I have an Ariens model 924024, tractor serial # 013312 Scoop # 15423

Does anyone know how old it is? I bought it in 2000. I went through it to the tune of $700.00 3 years ago. We do walkways at a condo complex where we plow. I keep this one as # 3 to back up our newer machines in case 1 goes down. I am thinking of selling it because it just sits and does not get used. I can't seem to put it up for sale because the thing is a tank, it scrapes so good and will go through anything.
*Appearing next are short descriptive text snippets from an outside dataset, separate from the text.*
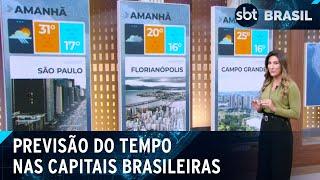 Cidade de São Paulo terá máxima de 31ºC nesta quinta-feira (8)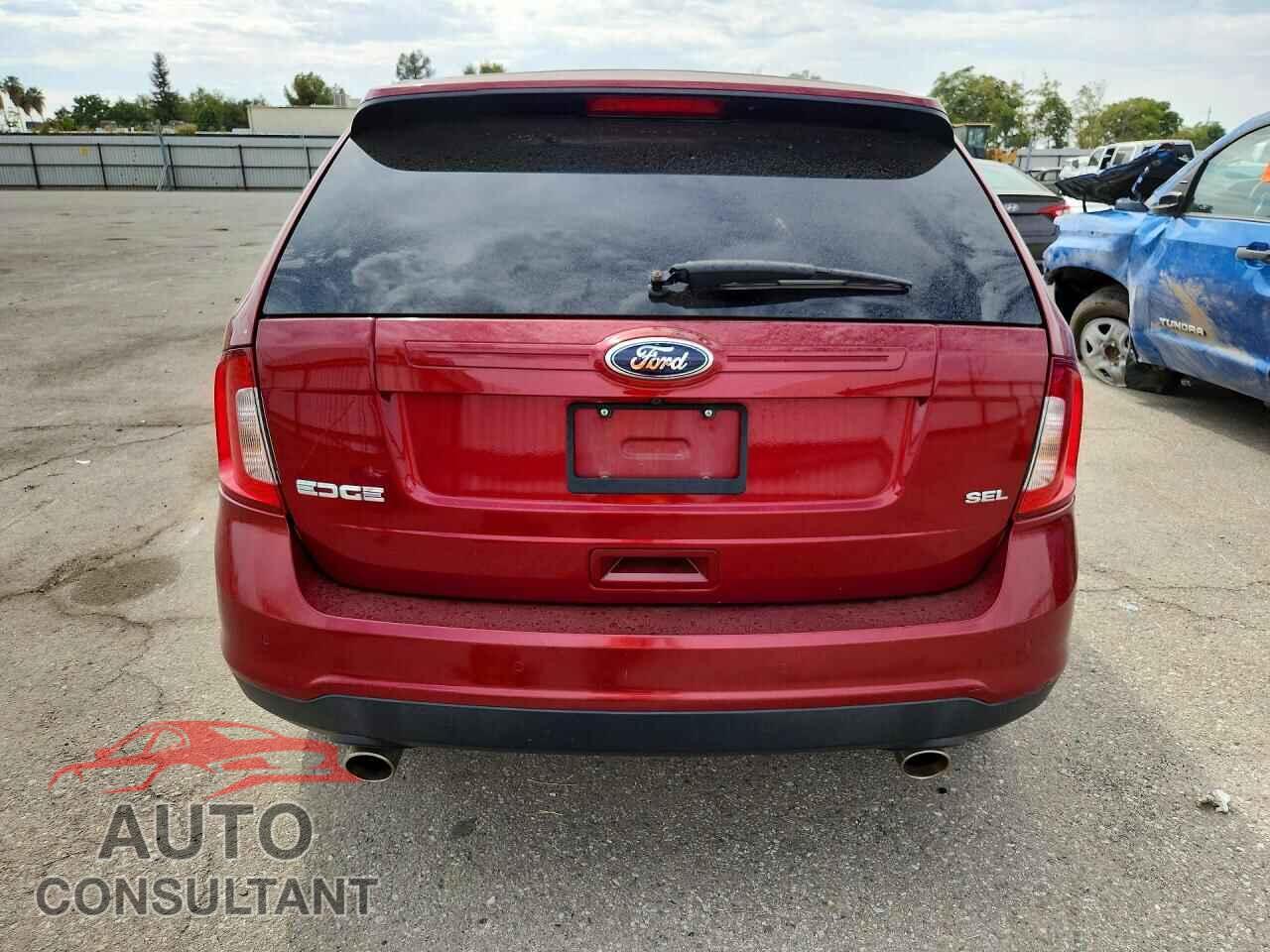 FORD EDGE 2013 - 2FMDK3JC2DBE38301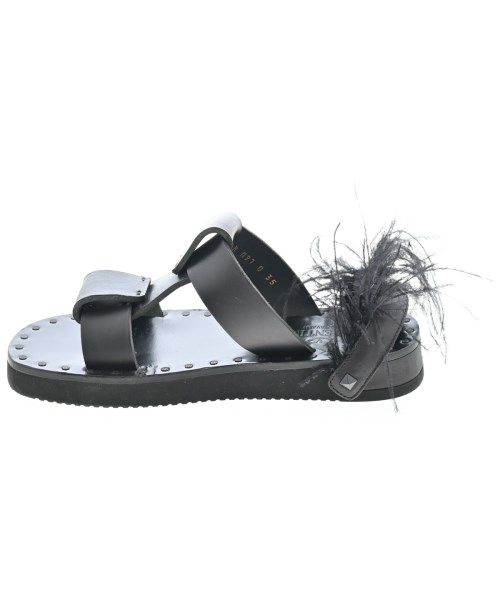 VALENTINO GARAVANI（ヴァレンティノガラヴァーニ）サンダル 黒 サイズ:EU35(21.5cm位) レディース/2200623987094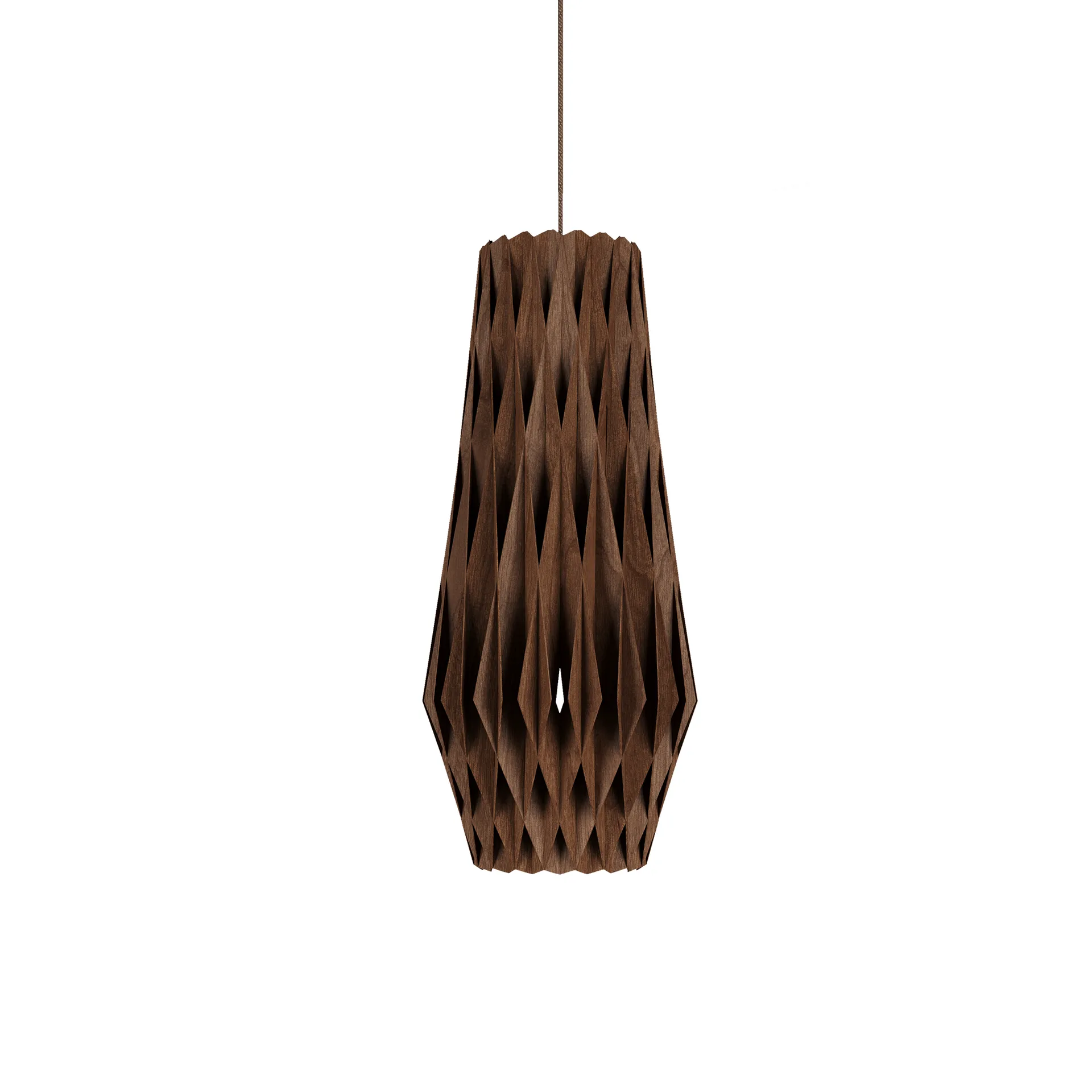 Pilke Signature pendant lamp 20/42 cm, Brown Pilke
When we first started doing these walkways back in the mid 80's I would always look in the want adds for old 60's & 70's Ariens....they used to do the job better than any of the new snowblowers back then. Well those days are long gone and so are all the older Ariens. I am finding it hard to put this machine up for sale because it links me back to the good old days when we first started and old Ariens are all we would use. It works great still but I think it is time to sell it before I can't get any thing for it. 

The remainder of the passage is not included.